Vimos ontem como a herança do corporativismo salazarista, hostil à economia de mercado e à concorrência, e da revolução de 74/75, com a sua matriz socialista, se conjugam para, num país pobre e com pouca tradição empresarial, criar uma cultura política que, no domínio da economia, é iliberal. Pior: não é apenas uma sociedade que cultiva a solidariedade social assegurada por sistemas públicos, ou que prefere partilhar os rendimentos individuais em nome de uma maior igualdade - é uma sociedade que desconfia da iniciativa privada, é avessa ao risco e tem mais inveja dos ricos do que verdadeira piedade pelos pobres.
Este ambiente geral, esta forma de estar com muito de pré-moderno, de oposto aos valores burgueses que asseguraram o sucesso económico dos países mais dinâmicos, é muito desfavorável à afirmação de políticas liberais. Assim, se a velha direita é iliberal, os liberais de todas as sensibilidades - não só os de direita - sentem em Portugal verdadeiras dificuldades. Não é por acaso que, à direita, se fala mais depressa de democracia cristã ou até (por equívoca tradição) de social-democracia do que de liberalismo económico.
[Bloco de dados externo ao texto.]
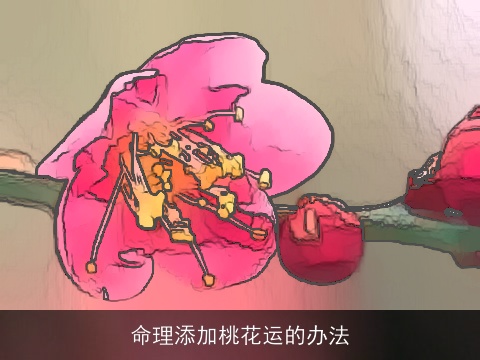 命理添加桃花运的办法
Como não é por acaso que se receia separar águas e, no poder, se actua de forma ou titubeante ou incoerente: basta pensar no que os governos de Barroso e Santana não fizeram para estimular e regular a concorrência ou na forma como preferiram proteger os "negócios" que medram à sombra do Estado.
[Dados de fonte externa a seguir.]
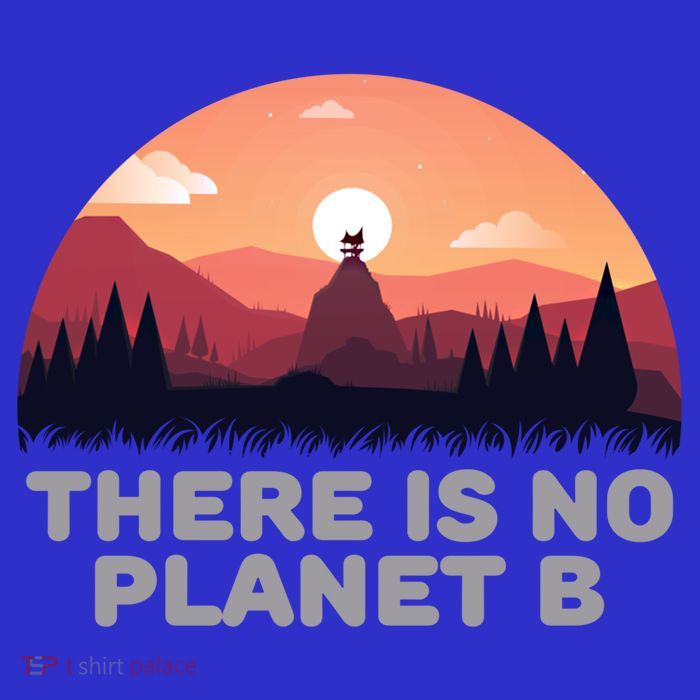 There Is No Planet B Save The Environt Save Earth Gift Sweatshirt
Os resultados já citados do referido inquérito sobre o posicionamento político - a Bússola política disponível no site do PÚBLICO - também mostram que os portugueses são mais depressa libertários do que autoritários (ou pelo menos assim se declaram).
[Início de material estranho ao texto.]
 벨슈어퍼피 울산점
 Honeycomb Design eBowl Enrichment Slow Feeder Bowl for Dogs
Aí o paradoxo é outro, pois aquilo a que assistimos nas últimas décadas foi a uma profunda ruptura do quadro de valores dominantes. A rápida transição do autoritarismo para a democracia, por um lado, e de uma sociedade onde um terço da população vivia no campo para outra onde apenas um vigésimo viverá da agricultura criou um país que, mesmo sem ter vivido intensamente os sobressaltos da contracultura do anos 60, os integrou de forma quase instantânea, acriticamente e sem resistência.
Um dos sinais mais evidentes desta evolução é a radical alteração do peso e do papel da Igreja. Domingo passado, Vasco Pulido Valente admirava-se, recordando os últimos dois séculos de história, por os que pretendem refundar a direita não falarem da Igreja, quando esta foi sempre central nas clivagens entre a esquerda e a direita, do miguelismo ao jacobinismo republicano, do salazarismo ao PREC. É verdade que foi - mas já não é, ou não é da mesma maneira. Primeiro porque a Igreja implodiu enquanto força com peso e influência políticas determinantes - tanto encontramos padres a publicar anúncios radicais "de direita" como encontramos membros de órgãos muitos próximos da hierarquia (como a Comissão Justiça e Paz) a candidatarem-se às eleições pelos radicais "de esquerda". Depois, porque a doutrina da Igreja - cujos templos estão vazios - está a perder a batalha cultural, substituídos que estão a ser os seus valores pelos do "politicamente correcto". A Igreja ainda conta para realizar um bonito casamento - mas a religião nada pesa no momento da separação. Não é pela Igreja ou com a sua ajuda que a direita irá a algum lado.
O que lhe coloca o desafio de construir uma identidade em ruptura não só com o seu passado mas também em contraciclo com o ambiente político, social, cultural e comunicacional dominante.